Doctor’s orders

IMG_2991A doctor’s prescription is known in France as une ordonnance médicale. The name says a lot about how the French view their prescriptions. Surely if a doctor orders you to take something, take it you must?

My late Belle-mère was a regular at the doctor’s office and could never recover from even a minor head cold without a prescription. Like many French people she did not believe in generic medicines – she considered them cheap imitations and insisted the doctor prescribe the original brand. I tried to convince her they were exactly the same molecule but she turned a deaf ear to my science-based arguments.

Pharmacist's assistant

Me in my Shoppers’ Drug Mart uniform

I used to be a pharmacist’s assistant at a drug store in Canada many years ago, a part-time job that paid for my education while also providing one of its own. I learned that people need to be given clear directions for taking their medication. That certain drugs were best taken with food or on an empty stomach, and that finishing a complete course of antibiotics was essential in order for them to be effective.

I also learned how NOT to pronounce the name ‘Cockburn’ when calling out one man’s prescription over the PA system.

When filling a prescription in North America, the pharmacist takes a massive jar of pills and counts out the prescribed number into a smaller vial, then sticks on a custom label with the patient’s name, the name of the drug, when and how to take it. This system allows the patient to receive the exact number of pills needed and to see at a glance how to take them. You could argue that it leaves room for human error, mislabeling, etc. But no prescription medicine ever left the store without a pharmacist personally checking it against the doctor’s prescription. Always assuming we could decipher the handwriting…we also made a lot of calls to doctors’ offices to double check.

Nothing so simple in France. Tablets come in a prepackaged box of blister packs along with la notice or patient package insert. This document is in accordance with strict regulatory rules that require the drug maker to disclose a lot of information, even for relatively innocuous over-the-counter drugs.

In order to find out how to take your medicine, you have to remove the insert, unfold it, and read through chapter and verse until you get to the relevant section. How much to take (posologie) and how and when to take it (comment prendre ce médicament?)

Your French had better be pretty good in order to glean the information you need from the language contained on the insert, which includes specifics for children of all ages, pregnant and nursing mothers and people with all kinds of pre-existing medical conditions. You also need good eyes or strong glasses to read the tiny print.

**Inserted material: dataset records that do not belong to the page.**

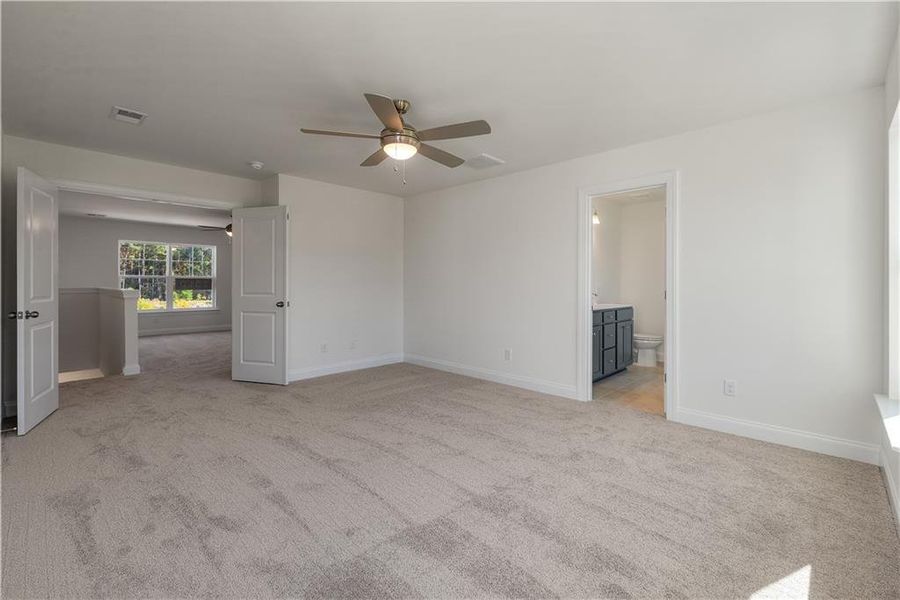 Spacious, unfurnished interior of a new home in Villas at Dawsonville, Dawsonville (Image 18).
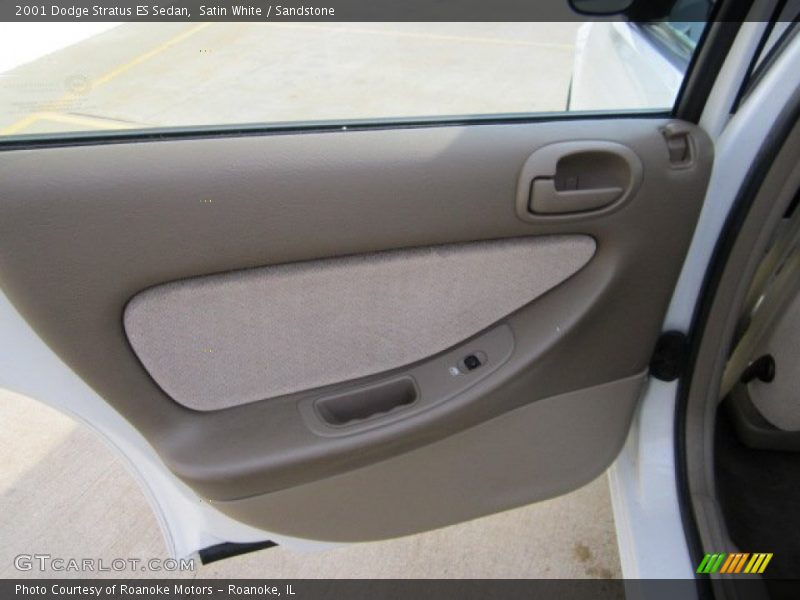 Satin White / Sandstone 2001 Dodge Stratus ES Sedan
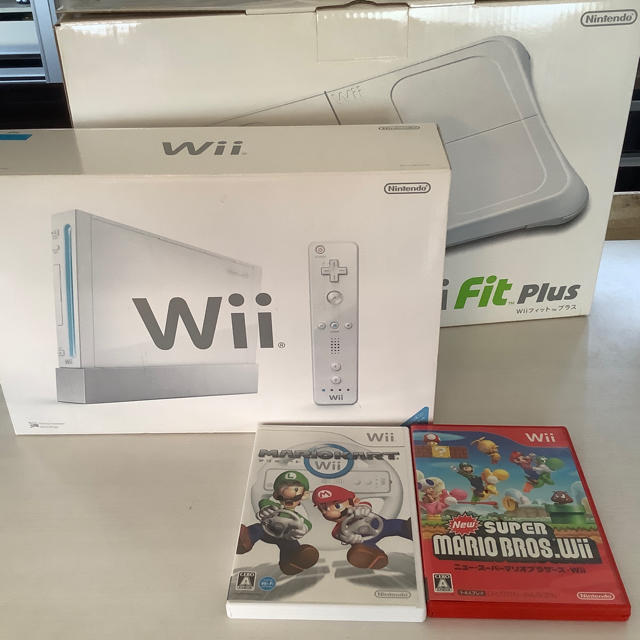 マリオカートWii RVL-S-WD 本体、Wii Fit Plus、ソフト3本
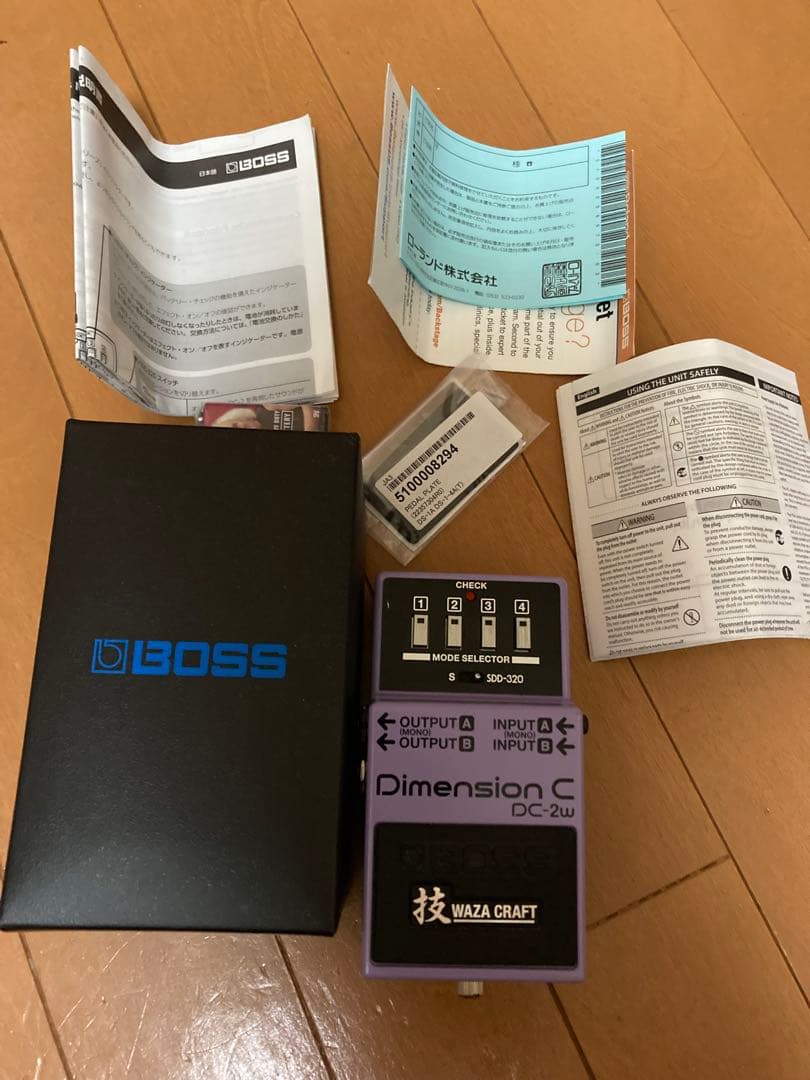 ギター BOSS Dimension C DC-2w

One thing that always mystified me was the French obsession with suppositories. I thought this mode of administration had gone out with hot water bottles but they are quite popular for certain ailments, especially for children. I remember having to give my kids suppositories for ear infections. Which not only seems bizarre but is a pretty hard sell for your child once they get old enough to argue.

The French love their system and will hear no criticism of it. They argue that factory-sealed blister-packs of pills are safer and more hygienic, and the details contained on the insert are helpful in case of any potential side effects.

But too much information can be a dangerous thing. Super paranoid patient, I read the whole insert in detail before taking the first pill or administering it to my children. After considering the pros and cons of the treatments vs. serious adverse events like renal failure, allergic reactions or plain old constipation, I ask myself if it’s really worth it just to avoid a little pain? Half the time I don’t end up filling the prescription, or when I do it sits unopened in its package. And most of the time (knock, knock, knock on wood), I am just fine.

Famous last (first) words: Never begin a post like I did last week: “I am blessed with good health….” It is only asking for trouble. Tuesday morning found me doubled over in pain as I slipped a disc just after saying ‘Namaste’ at the end of yoga class. How’s that for irony, peeps?